## Your task
Transcribe exactly, please, the line bearing "IMG_1257 black tern.jpg" and all later lines through the end of the records, with the pictures left out.

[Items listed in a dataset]
━━━━

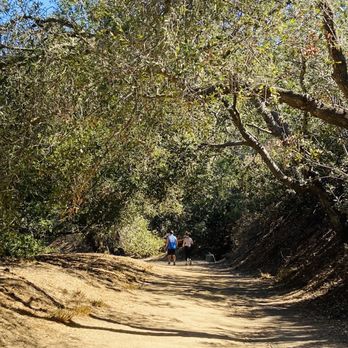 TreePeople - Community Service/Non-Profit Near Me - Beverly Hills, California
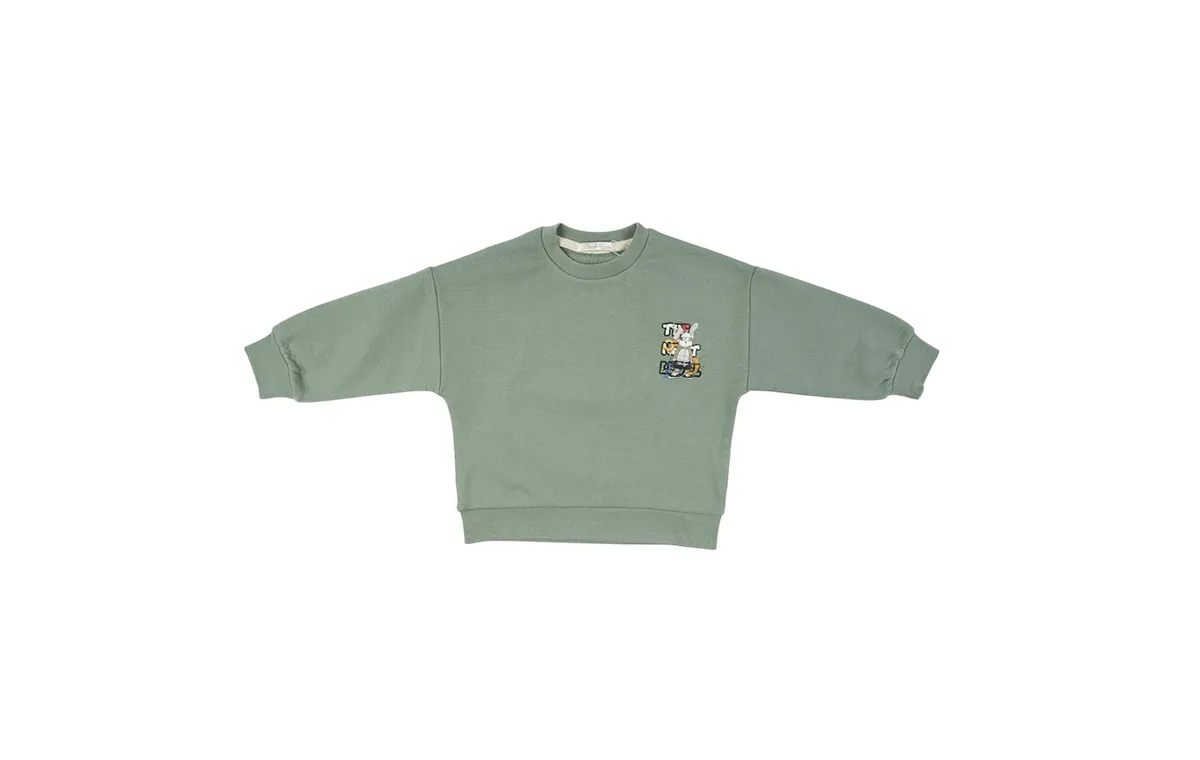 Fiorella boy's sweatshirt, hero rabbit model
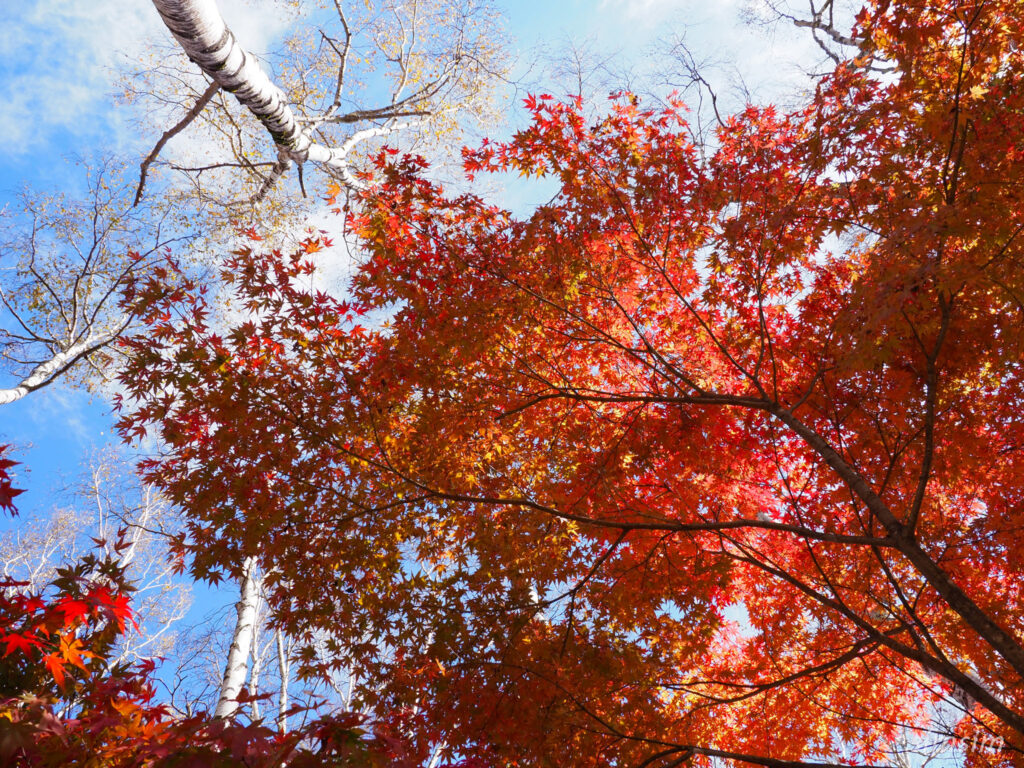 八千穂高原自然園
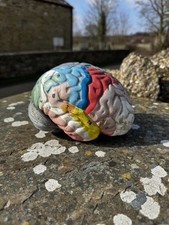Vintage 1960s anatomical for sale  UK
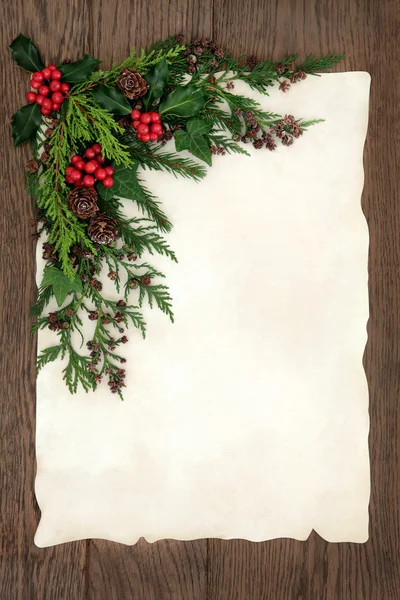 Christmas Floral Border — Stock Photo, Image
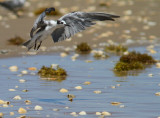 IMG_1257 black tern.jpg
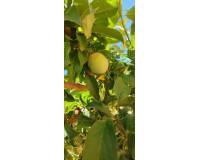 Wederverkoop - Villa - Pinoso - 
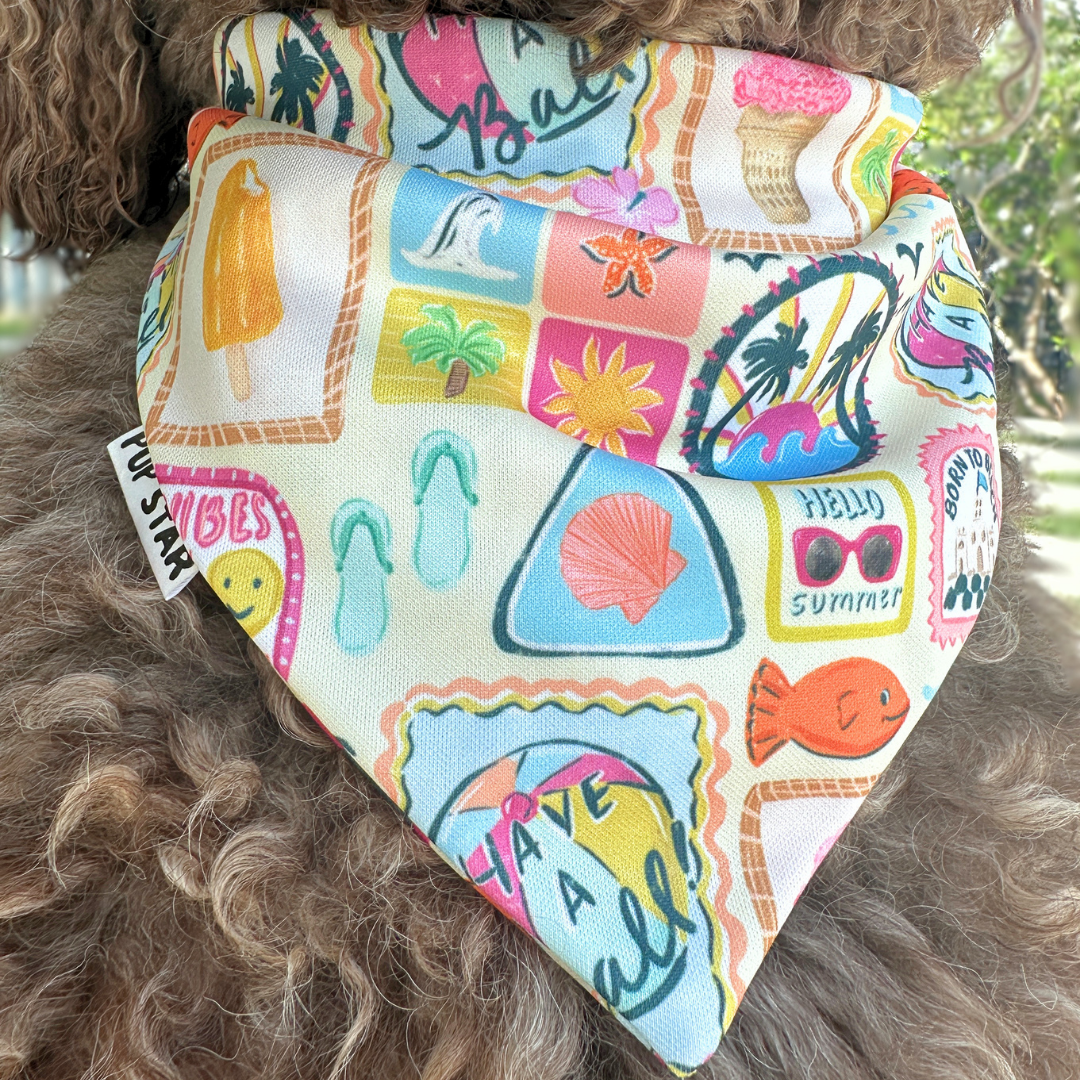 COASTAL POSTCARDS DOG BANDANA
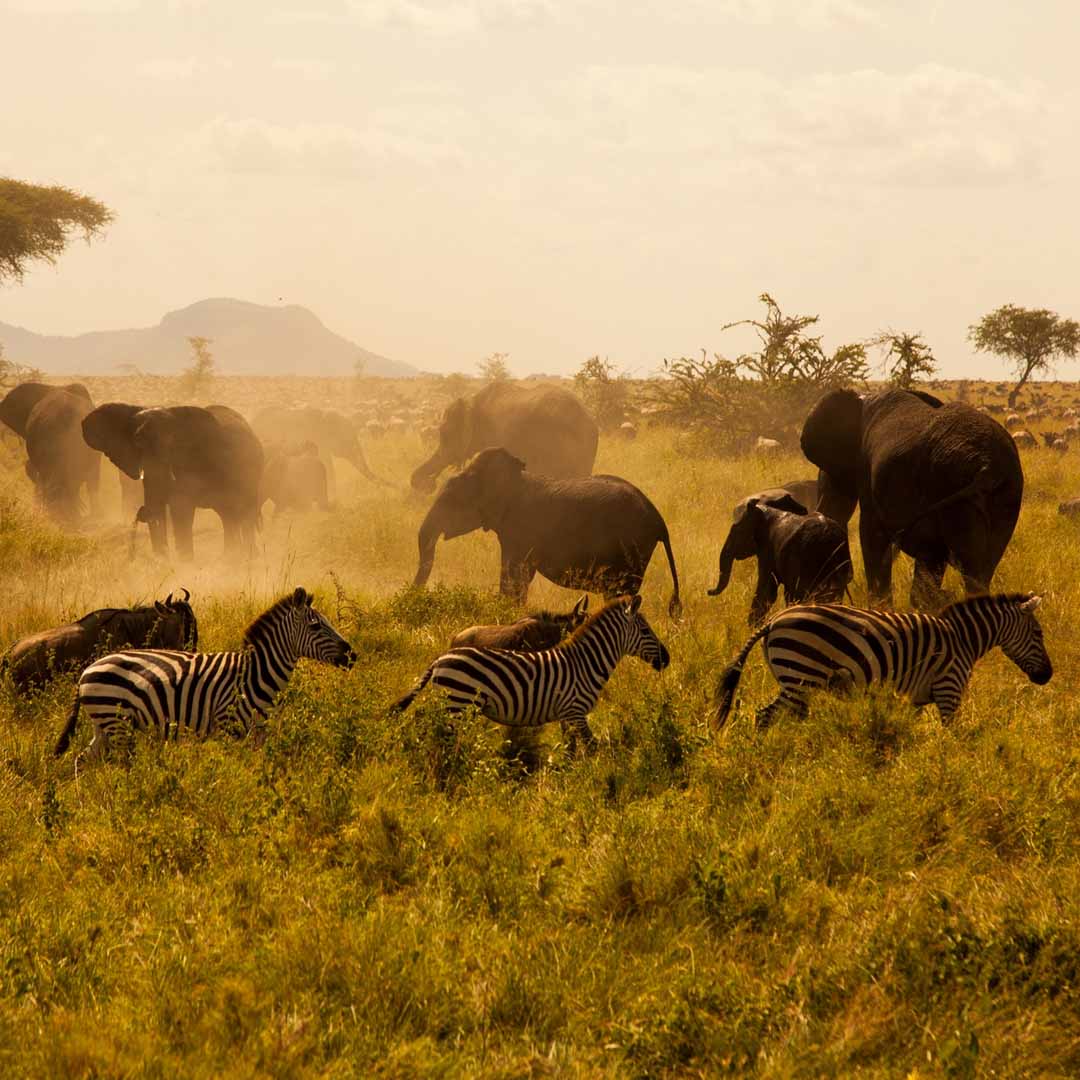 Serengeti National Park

━━━━

## Task answer
 IMG_1257 black tern.jpg
 Wederverkoop - Villa - Pinoso - 
 COASTAL POSTCARDS DOG BANDANA
 Serengeti National Park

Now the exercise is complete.